# Exhaust



## Bryce108 (Jan 11, 2016)

Trying to figure out how to get a sound like this 





The guy didn't list any specs in the video so I was trying to figure out how I could get a similar sound, or try and figure out those specs. Catbacks? No catbacks? Hard to tell?


----------



## svede1212 (Nov 1, 2005)

With that hollow metallic sound it sounds like SpinTechs. The cam would be a fairly large one. To each his own but I prefer to work at it from the performance end that ends up with the sound vs the sound end backwards.
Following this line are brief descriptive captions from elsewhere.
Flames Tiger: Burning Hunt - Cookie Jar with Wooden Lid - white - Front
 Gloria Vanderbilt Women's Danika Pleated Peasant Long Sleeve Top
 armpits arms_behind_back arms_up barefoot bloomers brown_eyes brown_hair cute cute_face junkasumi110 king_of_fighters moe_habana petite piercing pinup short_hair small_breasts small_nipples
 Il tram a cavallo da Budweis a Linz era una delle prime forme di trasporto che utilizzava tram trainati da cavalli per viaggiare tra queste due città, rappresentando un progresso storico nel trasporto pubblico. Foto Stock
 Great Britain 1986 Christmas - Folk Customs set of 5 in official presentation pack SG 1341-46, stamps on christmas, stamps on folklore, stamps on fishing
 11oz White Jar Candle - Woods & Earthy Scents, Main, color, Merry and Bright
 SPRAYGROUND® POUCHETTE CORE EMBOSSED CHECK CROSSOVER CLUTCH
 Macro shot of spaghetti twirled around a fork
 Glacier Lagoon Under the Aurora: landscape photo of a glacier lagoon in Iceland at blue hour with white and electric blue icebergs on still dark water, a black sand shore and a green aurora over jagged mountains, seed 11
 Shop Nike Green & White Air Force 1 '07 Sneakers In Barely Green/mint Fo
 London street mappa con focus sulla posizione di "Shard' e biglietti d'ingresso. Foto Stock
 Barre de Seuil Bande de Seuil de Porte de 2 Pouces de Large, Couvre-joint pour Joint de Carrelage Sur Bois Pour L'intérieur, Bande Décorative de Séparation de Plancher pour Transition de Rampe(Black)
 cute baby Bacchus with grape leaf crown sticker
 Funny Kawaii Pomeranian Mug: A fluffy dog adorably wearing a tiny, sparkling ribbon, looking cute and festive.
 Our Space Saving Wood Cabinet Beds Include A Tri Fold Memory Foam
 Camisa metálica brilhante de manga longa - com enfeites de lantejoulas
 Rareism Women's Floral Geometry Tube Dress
You can have a really choppy idle that drives like crap in traffic.


----------



## Bryce108 (Jan 11, 2016)

Ahhh okay, So what I decided on, was doing the Corsa sport exhaust, with x-pipes and mid pipes with OBX longtube headers. Delete cats.


----------



## GTO44 (Apr 11, 2016)

Bryce108 said:


> Ahhh okay, So what I decided on, was doing the Corsa sport exhaust, with x-pipes and mid pipes with OBX longtube headers. Delete cats.


Nice man! Upload a vid when you get everything installed so we can hear the setup!


----------



## Bryce108 (Jan 11, 2016)

GTO44 said:


> Nice man! Upload a vid when you get everything installed so we can hear the setup!


Will do!


----------